This notebook goes with the article
Bianco, E and M Hall (2015). Programming a seismic program. CSEG Recorder, November 2015.
It's based on some other notebooks, which are themselves accompaniments to various blog posts at Agile Geoscience.
We'll start with the usual prelims...
In [1]:
import numpy as np
import matplotlib.pyplot as plt
from shapely.geometry import Point, LineString
import geopandas as gpd
import pandas as pd
from fiona.crs import from_epsg
%matplotlib inline
Define some survey parameters:
In [2]:
xmi = 575000 # Easting of bottom-left corner of grid (m)
ymi = 4710000 # Northing of bottom-left corner (m)

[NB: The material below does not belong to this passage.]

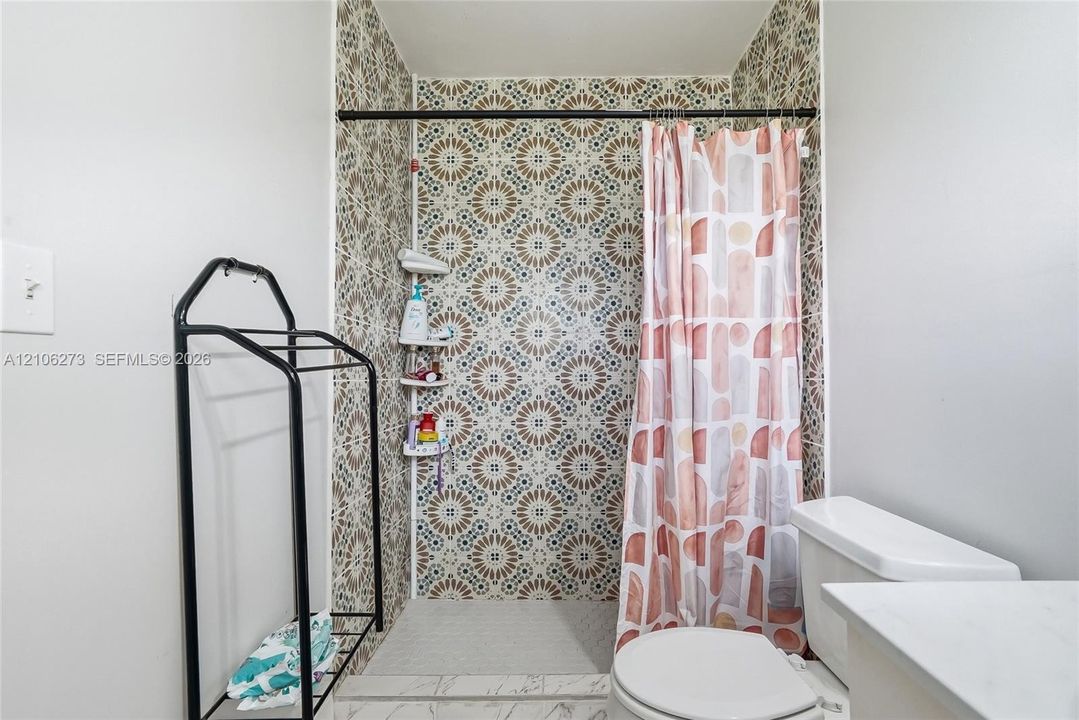 Walk-in shower featuring patterned tile walls, built-in shelving, and a matte black shower curtain rod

SL = 600 # Source line interval (m)
RL = 600 # Receiver line interval (m)
si = 100 # Source point interval (m)
ri = 100 # Receiver point interval (m)
x = 3000 # x extent of survey (m)
y = 1800 # y extent of survey (m)
epsg = 26911 # A CRS to place it on the earth
Now we can compute some properties of the survey:
In [3]:
rlines = int(y/RL) + 1
slines = int(x/SL) + 1
In [4]:
rperline = int(x/ri) + 2
sperline = int(y/si) + 2
In [5]:
shiftx = -si/2.0
shifty = -ri/2.0
We compute lists of the x- and y-locations of the receivers and sources with nested loops. We'll use Python's list comprehensions, which are shorthand for for loops that generate lists.
In [45]:
rcvrx, rcvry = zip(*[(xmi + rcvr*ri + shiftx, ymi + line*RL - shifty)
for line in range(rlines)
for rcvr in range(rperline)])
srcx, srcy = zip(*[(xmi + line*SL, ymi + src*si)
for line in range(slines)
for src in range(sperline)])
In [46]:
rcvrs = [Point(x, y) for x, y in zip(rcvrx, rcvry)]
srcs = [Point(x, y) for x, y in zip(srcx, srcy)]
We can make a list of 'r' and 's' labels then compile into a dataframe.
In [8]:
station_list = ['r']*len(rcvrs) + ['s']*len(srcs)
survey = gpd.GeoDataFrame({'geometry': rcvrs+srcs, 'station': station_list})
survey.crs = from_epsg(epsg)
In [10]:
try:
# Needs geopandas fork: https://github.com/kwinkunks/geopandas
survey.plot(figsize=(12,12), column='station', colormap="bwr", markersize=20)
except:
# This will work regardless.
survey.plot()
plt.grid()
plt.show()
Make a Station ID row, so we can recognize the stations again.
In [11]:
sid = np.arange(len(survey))
survey['SID'] = sid
In [12]:
survey.to_file('data/survey_orig.shp')
We need midpoints. There is a midpoint between every source-receiver pair.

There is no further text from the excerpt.